He stared at me sidelong like I had lost my damn mind. "Yeah, you know that idiot on the football team?"
"I know who he is, but I didn't know Becky—"
He interrupted with a laugh. "You don't know Becky, Rev. Come on. She's got a boyfriend already. Stop dreaming. But we can go if you want. It's cool."
That was when I stopped talking because for all I knew, he was right. I didn't really know Becky outside of the couple of classes we shared together, and there was as good of a chance as any that she really did have a boyfriend and I just didn’t know about it.
So, long story short, Nate and I went to the dance together.
My mom dropped us off in our button-down shirts and black slacks, looking like we'd planned to match when we didn’t. The gym I knew from class had been transformed with streamers, balloons, tables of refreshments, and a disco ball. Every kid I knew from my classes and every other kid I didn't know at all were all dressed to the nines, thriving on the dance floor. Kids my age kept a safe distance from each other while the older kids couldn't seem to get closer, and I couldn't stop staring.

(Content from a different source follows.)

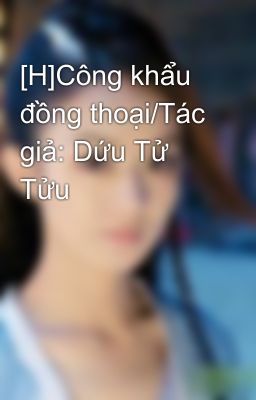 [H]Công khẩu đồng thoại/Tác giả: Dứu Tử Tửu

Fuck , I wanted to be that close to someone more than I’d ever wanted anything in my life.
I wanted to be that close to Becky.
"Let's get something to drink," Nate shouted over the thumping party music.
"Okay," I answered through a fog of hormones and curiosity, wondering if Becky had come and if she was, in fact, there with Jordan.
But more than anything, I wondered if she’d wanna be that close to me too.
We moved our way through the crowd and found ourselves at a table cluttered with cups and a punch bowl. The principal, Mr. Robbins, nodded a greeting and poured us each a cup of the bright red drink. I thanked him, and we were once again weaving our way through the dancing kids and speckled lights. Nate found us a corner to stand in and pulled something out of his pants pocket … a bottle of some sort.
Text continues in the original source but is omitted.